Problem –
Return exactly, please, the lines from the one containing "Pirelli นำเสนอภาพถ่าย Vintage" to the last line of the entries below, and nothing else, leaving pictures out.

----- Provided data

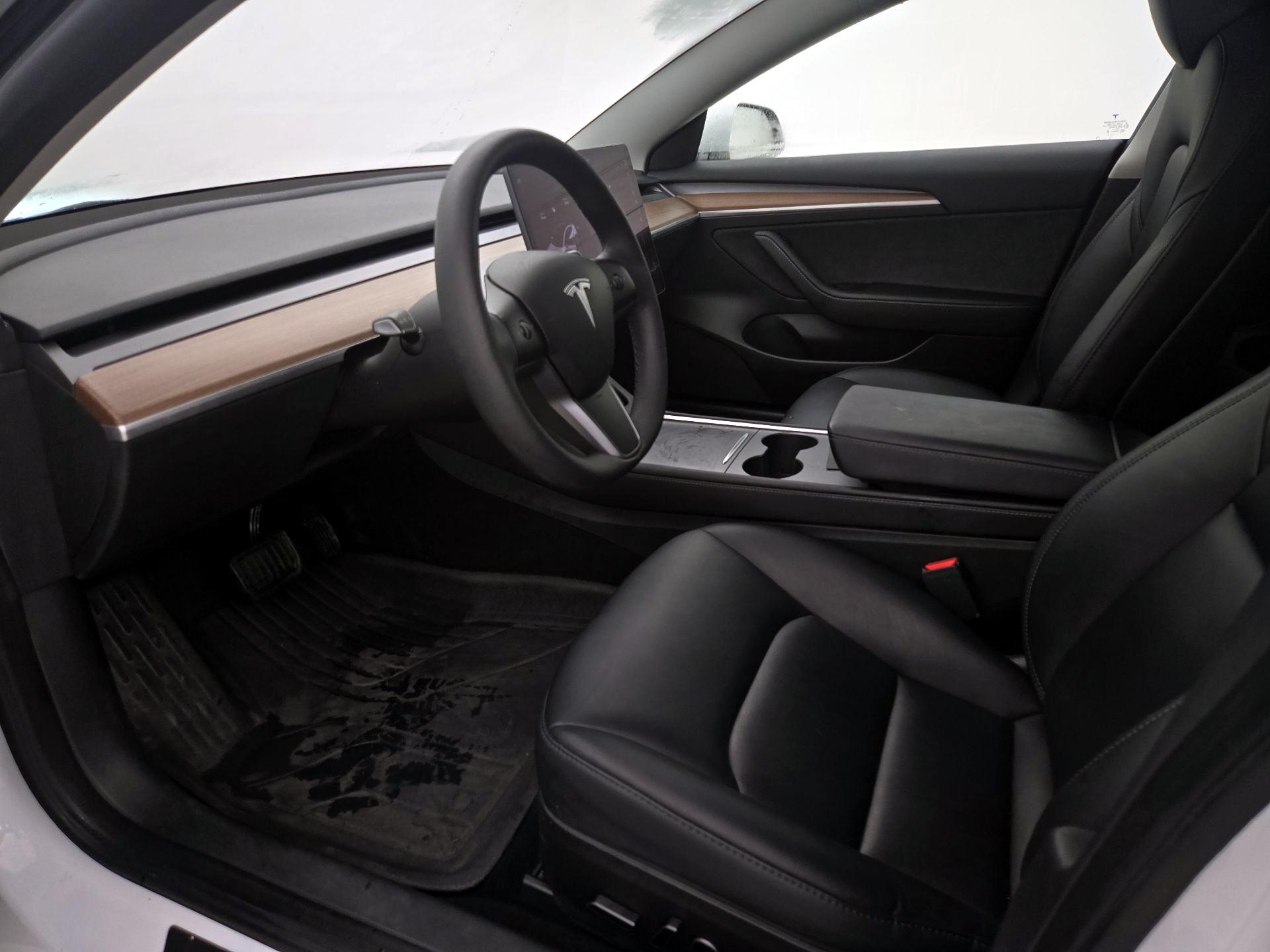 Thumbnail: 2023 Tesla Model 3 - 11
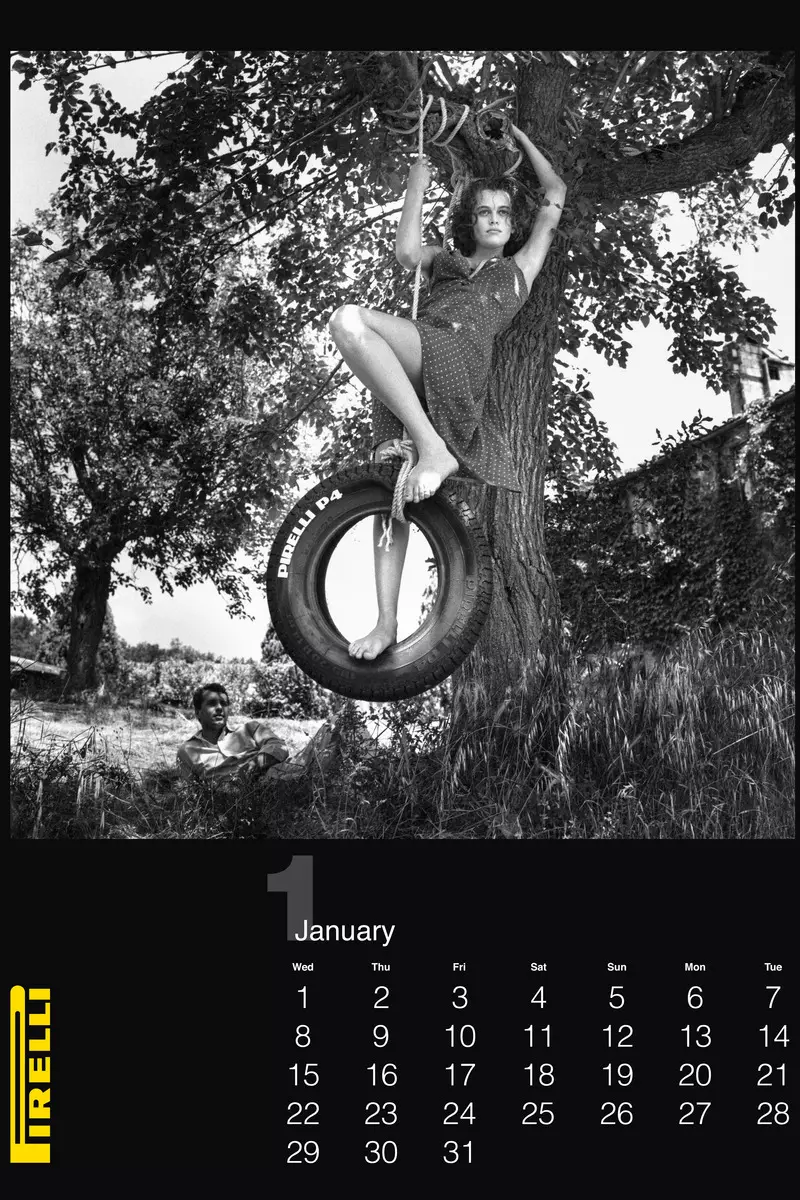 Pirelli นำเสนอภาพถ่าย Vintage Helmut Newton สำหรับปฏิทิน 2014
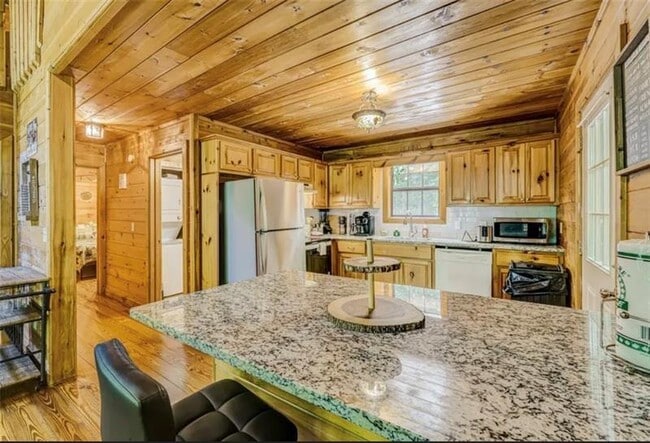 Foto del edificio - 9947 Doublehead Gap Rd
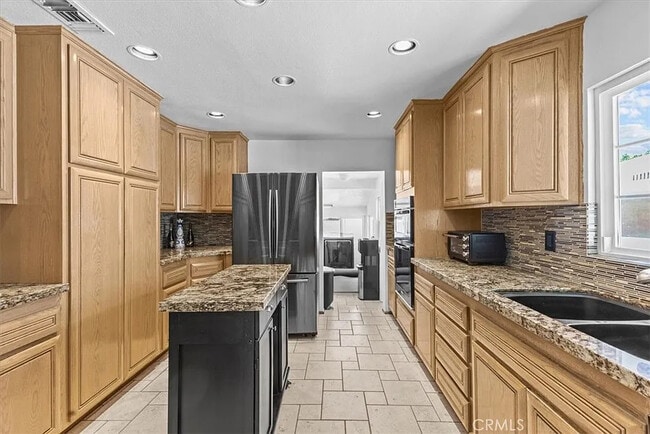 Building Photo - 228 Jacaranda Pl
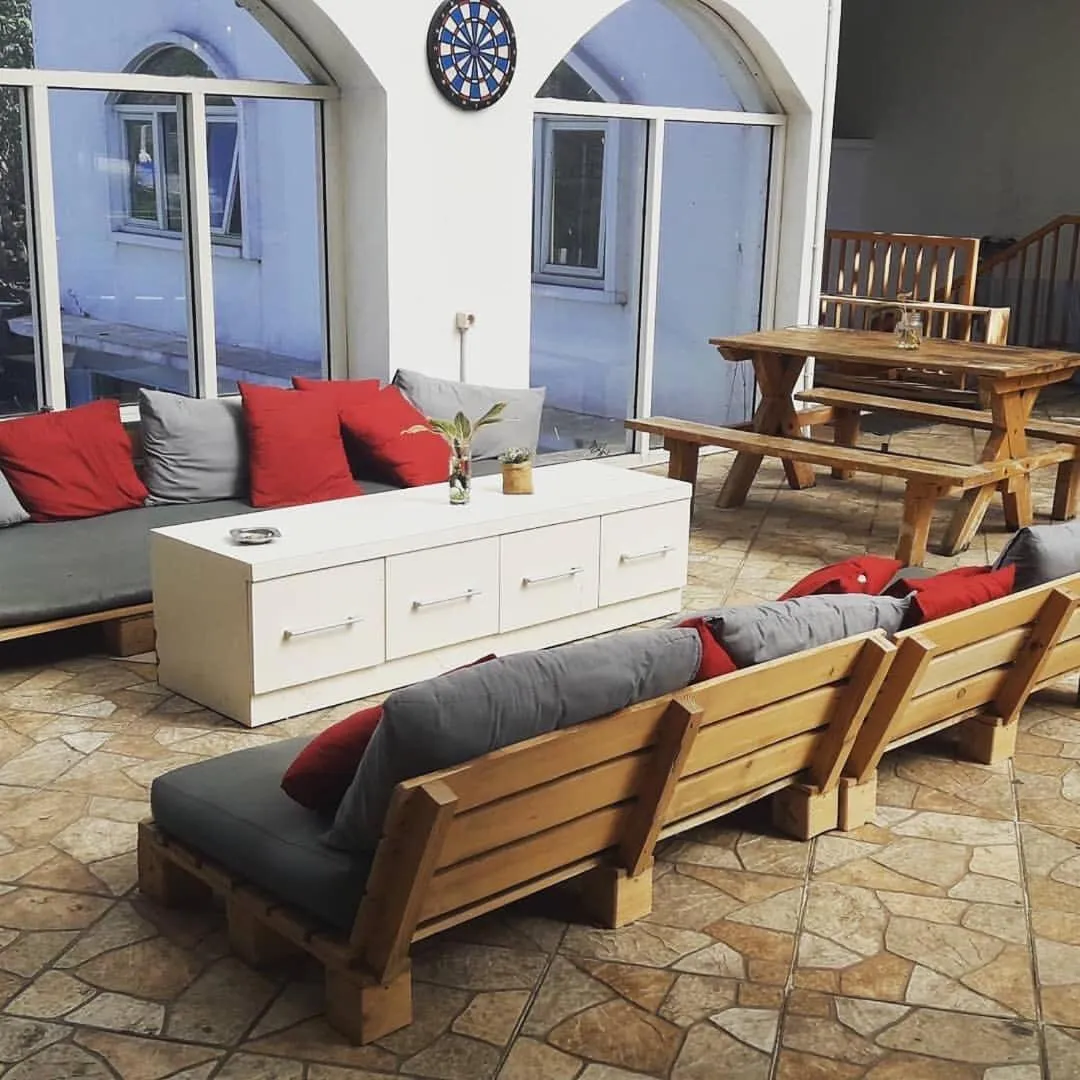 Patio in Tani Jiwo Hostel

----------

Written solution –
 Pirelli นำเสนอภาพถ่าย Vintage Helmut Newton สำหรับปฏิทิน 2014
 Foto del edificio - 9947 Doublehead Gap Rd
 Building Photo - 228 Jacaranda Pl
 Patio in Tani Jiwo Hostel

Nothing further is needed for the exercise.